A deliberate design choice: the system output embedding is not included in the cluster. Clusters consist only of the reference and its distortions; the output is always measured as an "out-of-sample point" to avoid circular bias. These distortion points concretize the "perceptually acceptable range of the target source" into a geometric region, providing a reference for PS/PM.

3. PS and PM: Decoupling leakage and distortion

With the manifold and clusters, MAPSS uses two independent scores to answer the two questions often conflated by traditional metrics.

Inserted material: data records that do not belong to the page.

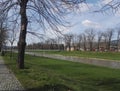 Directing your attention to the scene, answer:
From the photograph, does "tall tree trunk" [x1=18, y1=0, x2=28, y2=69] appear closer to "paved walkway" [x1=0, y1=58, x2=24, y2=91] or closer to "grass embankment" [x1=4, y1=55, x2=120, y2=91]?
"grass embankment" [x1=4, y1=55, x2=120, y2=91]

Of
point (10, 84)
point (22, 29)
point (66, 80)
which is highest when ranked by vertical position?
point (22, 29)

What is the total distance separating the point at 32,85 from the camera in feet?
41.0

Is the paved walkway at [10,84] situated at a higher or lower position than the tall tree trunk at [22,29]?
lower

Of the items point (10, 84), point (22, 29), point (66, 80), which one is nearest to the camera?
point (10, 84)

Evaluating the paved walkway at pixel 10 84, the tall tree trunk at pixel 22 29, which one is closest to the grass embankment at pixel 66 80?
the paved walkway at pixel 10 84

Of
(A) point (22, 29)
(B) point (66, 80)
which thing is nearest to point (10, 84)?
(B) point (66, 80)

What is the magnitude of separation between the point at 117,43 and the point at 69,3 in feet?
429

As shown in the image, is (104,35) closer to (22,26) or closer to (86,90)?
(22,26)

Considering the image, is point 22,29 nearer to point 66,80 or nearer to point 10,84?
point 66,80

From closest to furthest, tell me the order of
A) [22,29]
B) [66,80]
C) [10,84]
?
[10,84] < [66,80] < [22,29]

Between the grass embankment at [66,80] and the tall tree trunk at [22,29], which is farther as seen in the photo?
the tall tree trunk at [22,29]

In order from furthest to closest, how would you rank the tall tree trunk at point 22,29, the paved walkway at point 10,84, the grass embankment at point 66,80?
the tall tree trunk at point 22,29 < the grass embankment at point 66,80 < the paved walkway at point 10,84

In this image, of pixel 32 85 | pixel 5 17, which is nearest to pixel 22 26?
pixel 5 17

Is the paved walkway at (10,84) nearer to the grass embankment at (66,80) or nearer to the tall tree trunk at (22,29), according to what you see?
the grass embankment at (66,80) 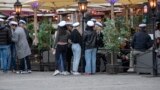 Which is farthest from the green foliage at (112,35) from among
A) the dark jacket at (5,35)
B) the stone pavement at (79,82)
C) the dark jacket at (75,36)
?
the dark jacket at (5,35)

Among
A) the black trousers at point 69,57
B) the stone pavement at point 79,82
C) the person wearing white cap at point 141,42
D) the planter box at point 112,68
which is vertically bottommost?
the stone pavement at point 79,82

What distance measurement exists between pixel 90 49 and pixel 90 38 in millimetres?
381

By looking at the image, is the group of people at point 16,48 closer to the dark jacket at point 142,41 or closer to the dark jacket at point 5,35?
the dark jacket at point 5,35

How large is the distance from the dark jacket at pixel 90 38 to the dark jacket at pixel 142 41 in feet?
4.72

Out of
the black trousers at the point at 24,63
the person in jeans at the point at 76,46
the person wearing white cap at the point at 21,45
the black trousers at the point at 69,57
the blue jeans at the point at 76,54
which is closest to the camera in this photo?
the person in jeans at the point at 76,46

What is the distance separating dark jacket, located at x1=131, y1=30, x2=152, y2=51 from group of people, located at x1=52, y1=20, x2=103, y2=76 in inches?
55.3

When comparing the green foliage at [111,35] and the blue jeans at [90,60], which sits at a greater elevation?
the green foliage at [111,35]

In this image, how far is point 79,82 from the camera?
16.8 m

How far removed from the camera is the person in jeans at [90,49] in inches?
771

PS (Perceptual Separation) answers "how much of other sources is leaked into the output." It compares the Mahalanobis distance from the output to two types of clusters:

\[\widehat{\text{PS}}_i^{(d)} = 1 - \frac{\hat{A}_i^{(d)}}{\hat{A}_i^{(d)} + \hat{B}_i^{(d)}} \in [0,1]\]

where \(\hat{A}_i^{(d)}\) is the distance to its own membership cluster, and \(\hat{B}_i^{(d)}\) is the distance to the nearest non-membership cluster. When \(\hat{A} \ll \hat{B}\), meaning the output stays close to the target and far from others, PS → 1, indicating clean separation. If the output is pulled closer by another source, \(\hat{B}\) decreases and PS drops, corresponding to increased leakage. It focuses on "relative membership" rather than absolute energy.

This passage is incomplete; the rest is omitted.